Map awareness is probably the most obvious thing you'd expect people to do by default, but shockingly they don't! I've seen no end of people sitting next to a ward that's pinging due to enemies and the player doesn't notice and proceeds to get murdered 5 ways to Friday. It's a sad thing to see, the thought process was there, they covered their back correctly but they failed to notice their own warnings.Look at your map, not every minute, not often, ALL THE TIME.
ou don't need to be staring at what's in front of you whilst traveling or last hitting minions, once you get a feel for those things you can focus more attention to the more important parts of the game, and that's primarily located in the top right corner.
Why is map awareness important?
Map awareness is important because it gives you an overview of your surroundings, at a glance you can see where your allies are, where your enemies are (or aren’t) and then use that information to make a calculated decision on how you should play. Every single top tier player will be doing this, you’re not going to catch them out of position because they’re aware of what’s happening around them, all of the time and they’ll then communicate that either via VOIP or pings to their team.
Map awareness and wards combined are how you can avoid almost all unnecessary deaths in the game, and it’ll also help you secure kills because you’ll know that your Grux is taking the red camp and only a few seconds away from being able to assist you, you’ll know that the enemy Kallari hasn’t been seen a while and thus could present a threat to you if you push too far and you’ll know that the enemy is making a play for the OP Buff because your wards will be notifying you as they enter the area.
Map awareness isn’t only important, it’s vital to Paragon, and any other MOBA for the same reasons, it’s there for a reason, make the most of it.
When do I have time to look at the mini-map?
It might seem impossible if you're just starting out or are used to ignoring it, but you need to start glancing at your map every couple of seconds, the time it takes to do that will tell you whether you need to look more closely (enemies missing) or if you're good to continue because everyone is accounted for. Make it a habit, make the time to do it and keep doing it, you'll notice that you're dying less and less the better you become as enemies simply won't be able to catch you with your pants down.
Map Awareness & Warding, The Perfect Couple
If you're going to take the time to lay down your wards, then take the time to start using your map. It's a tool the game provides you with so make use of it to its full potential, it's your lifeline and without it you're just asking to get yourself killed.
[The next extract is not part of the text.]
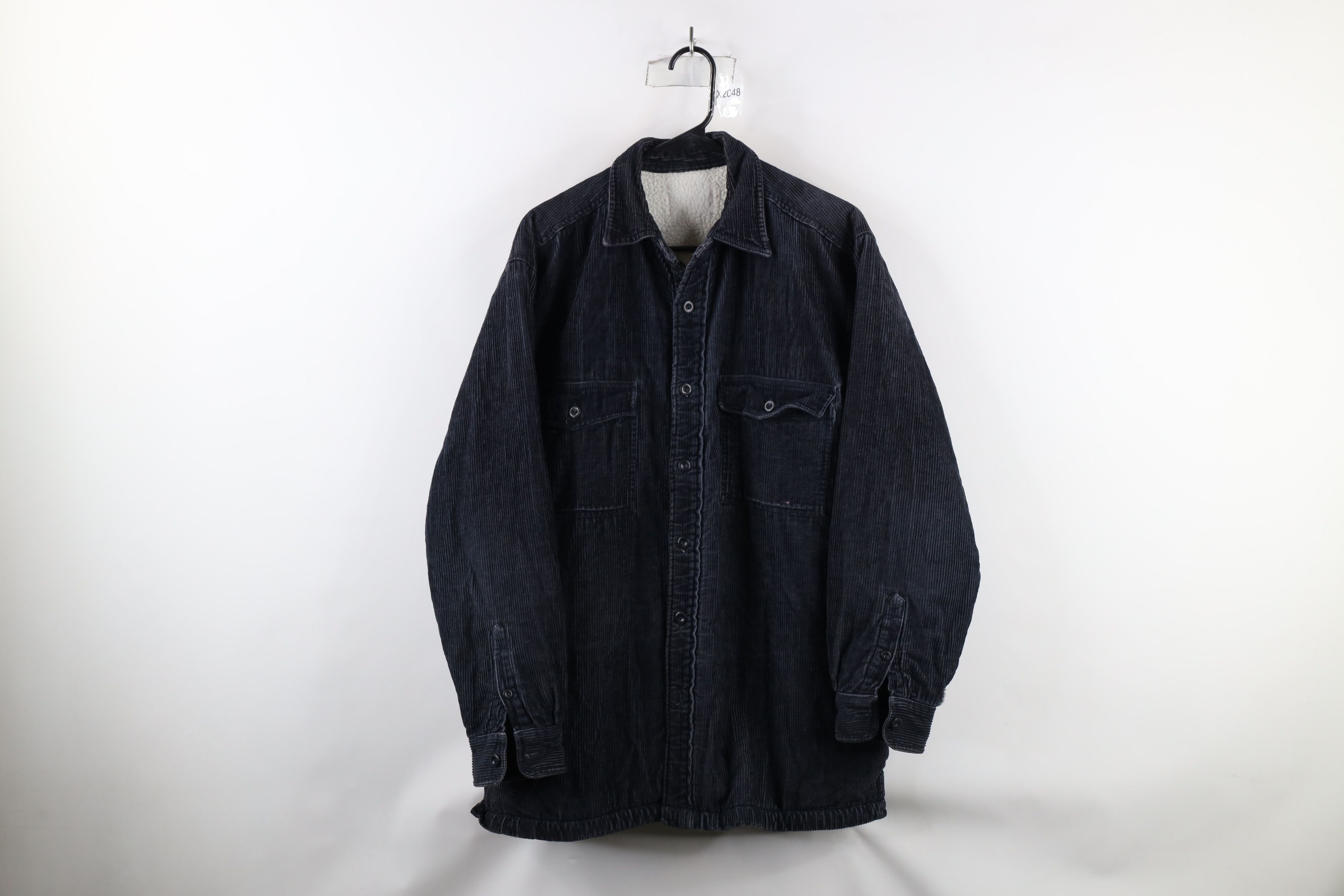 Vintage Vintage 90s Streetwear Fleece Lined Corduroy Shirt Jacket Size US M / EU 48-50 / 2 - 1 Thumbnail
Jungle timers are vital if you're playing a jungler, as you may have guessed. Not only will you be able to predict when the enemy buffs will be respawning but you’ll be able to make sure that you’re always there when it matters, the minimaps circular respawn bars are nice, but they’re not entirely accurate. This will be a shorter section but I’ll detail the buff, what it does, its uses, how long it lasts and how long it takes to respawn.
First Spawn: 1:30
Respawn Time: 2 minutes
Contains: 2 white monsters
Buff: 25% Increased damage & movement speed on hit
First Spawn: 02:30
Respawn Time: 6 minutes
Contains: 1 red minion, 2 white minions
HP: 1012, 345
Buff: 25% Increased mana regeneration & cooldown reduction
First Spawn: 02:30
Respawn Time: 6 minutes
Contains: 1 blue minion, 2 white minions
HP: 1012, 345
Buff: Increased structure damage, increased attack speed
First Spawn: 06:00
Respawn Time: 7 minutes
Contains: 1 black minion
HP: 3500 > 7000 > 10000 > 13000 > 17700 > 22500
Damage: 40 > 60 > 75 > 90 > 105 > 120
Power: Increases HP & Damage each time it dies
Buff: Increased minion HP/damage & activates Prime Helix card
First Spawn: 05:00
Respawn Time: ???
Contains: 1 Prime Guardian
NB: All timers and values are correct as far as I can find, testing required to confirm, take with a grain of salt.
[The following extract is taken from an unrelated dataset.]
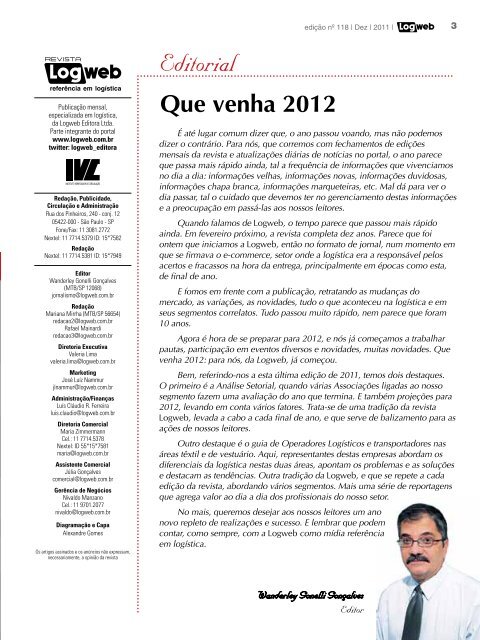 EdiÃ§Ã£o 118 download da revista completa - Logweb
Ok, so as you can see there are four buffs that can alter your gameplay in Paragon: Red, Blue, Black and Purple. Each of these buffs has unique effects and as such can be used in different ways.
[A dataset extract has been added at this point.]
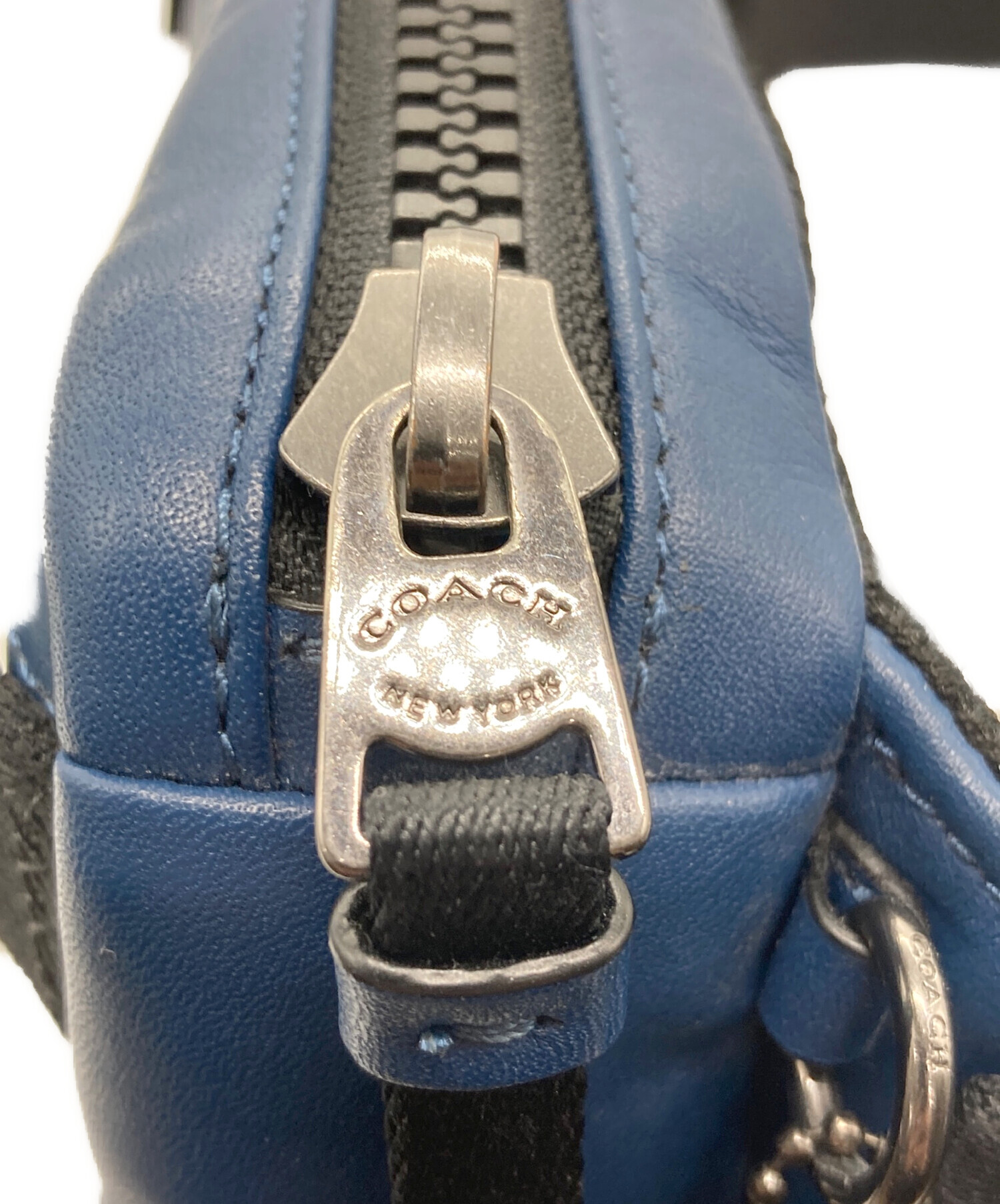 中古・古着通販】COACH (コーチ) ショルダーバッグ ブルー｜ブランド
The red buff has long been a favourite to begin jungling with, most people know that it increases your damage but surprisingly few know that it also increases your movement speed on hit. This makes it the ideal choice to pick up first as it helps you travel to each jungle camp faster and as such allows you to gain more CP/XP per minute. Red buff is also excellent when it comes to ganks, the extra damage has obvious benefits but the additional movement speed can really help you stick to enemies and secure kills. Red, in particular, should always be taken when it spawns, especially for melee heroes, don't let it go to waste.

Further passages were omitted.